Start of Information

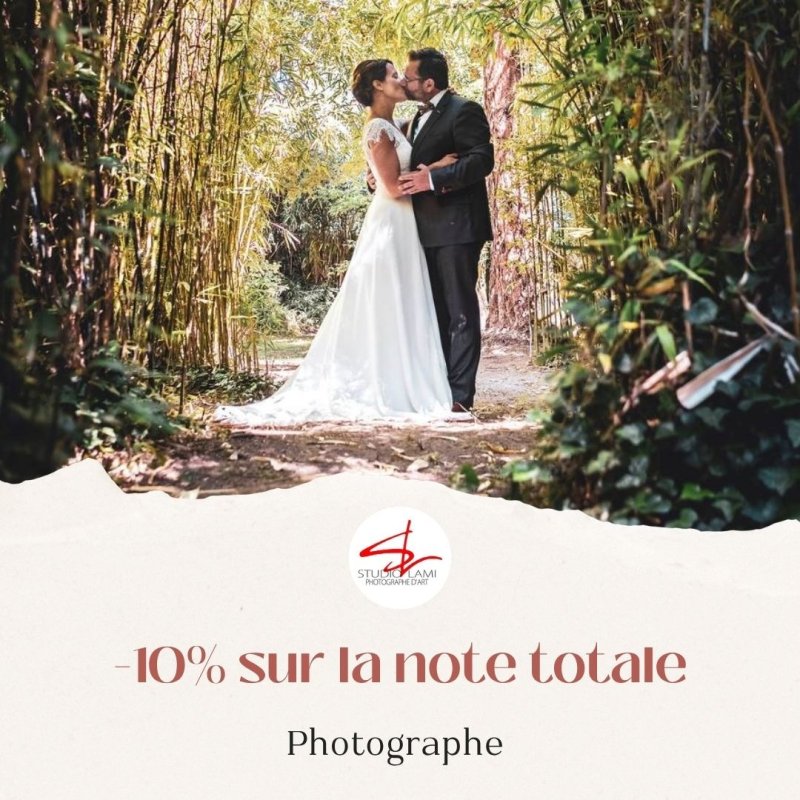 Réduction de 10% chez Studio Lami à Argences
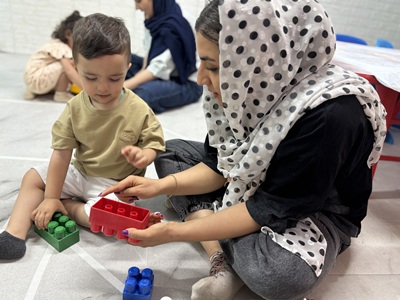 کارگاه مادر و کودک صادقیه 01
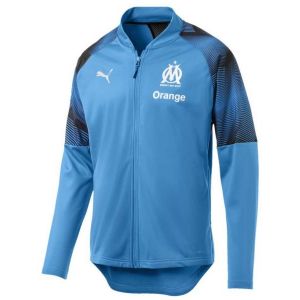 Equipación de fútbol Puma  Chaqueta Olympique Marseille Sponsor Logo 18/19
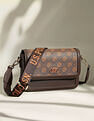 U.S. Polo Assn. Agatha Monogram Cross Body Bag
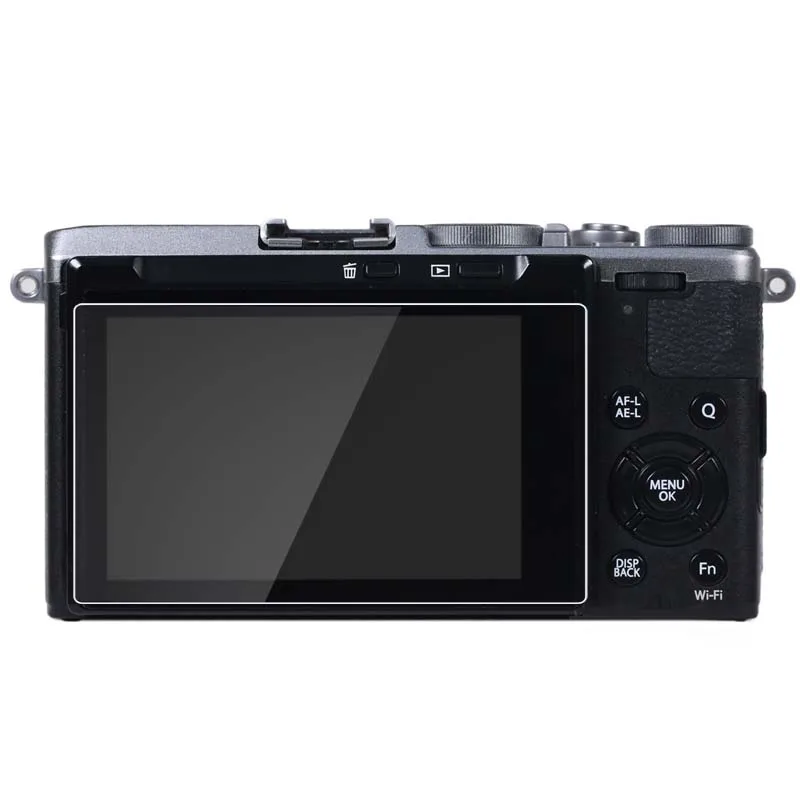 PCTC Анти отпечатков пальцев Закаленное стекло Защитная пленка Fuji film X70 Камера 0 3 мм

End of Information

Task requirements
What is needed is an exact printout of every record above, with the pictures left out.

Completed exercise
 Réduction de 10% chez Studio Lami à Argences
 کارگاه مادر و کودک صادقیه 01
 Equipación de fútbol Puma  Chaqueta Olympique Marseille Sponsor Logo 18/19
 U.S. Polo Assn. Agatha Monogram Cross Body Bag
 PCTC Анти отпечатков пальцев Закаленное стекло Защитная пленка Fuji film X70 Камера 0 3 мм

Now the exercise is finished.